С ловкостью, присущей всякому мошеннику воистину высокой квалификации, он легко втерся ко мне в доверие. Справился, как поживает «Августа». Я ничем не намекнул ему, что знаю о них всю правду. Он же старательно умалчивал о том, что это он сам избил и изнасиловал ее, но и не пытался изобразить сочувствие и негодование. Только заметил рассудительно, как домашний врач, что «Августе» нелегко будет изжить эту душевную травму. При ее вере в собственное, божьей милостью, превосходство, при такой ошибочной самооценке для нее это настоящая катастрофа.

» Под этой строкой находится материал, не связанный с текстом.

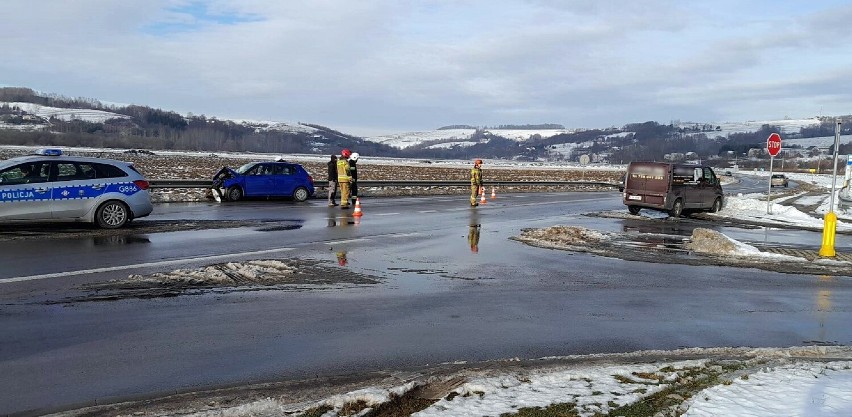 Wypadek w Siedliskach. Tuż za przejazdem kolejowym na drodze...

— Она гордая, это правда, — сказал я, настораживаясь.
Он хмыкнул, как удав.
— Я, бывало, захаживал сюда, пил с капитаном. И мистер Ланселот со мной, упокой господи его душу. Ох, как она перед нами выламывалась, блудливая потаскушка! Боками поводит, наклоняется эдак низко, чтобы видно было, что у нее за пазухой. И при всяком удобном случае еще прикидывается святошей, это ее коронный номер: «Ах, мистер Уилкинс, благослови вас бог!» Сложит ладони, как барышня на молитве, а сама прижимает большие пальцы к груди, чтобы заметней выпятились две ее пушки. «И вас благослови бог», — отвечаю и подмигиваю ей самым что ни на есть отеческим образом. Раз она заманила меня к себе в спальню — я ведь с ней давно знаком, — стою я с вот эдаким бушпритом, а мне вдруг в плечо кобель ее вцепился. Но я ей зла не желаю, мистер Апчерч, хотя страшно подумать, сколько она причинила зла людям.
Не знай я правды, я бы по его речи ни о чем не мог догадаться. Но я знал и поэтому услышал больше, чем он говорил. В театральных уборных от Индианаполиса до Бангкока он преследовал бедную Миранду, а она искушала его, холодная искусница, верная дочь своего отца. И, даже учинив над ней насилие, не сумел он повергнуть ее вниз с белоснежных, недосягаемых высот, «Верь в нас», — твердила она каждым покачиванием бедер. («Верь в нас!» — это лозунг всех лживых учреждений от первого вшивого правительства до последней вшивой религии.) «Верь в нас, Уилкинс!» — И бедный свирепый идиот верил.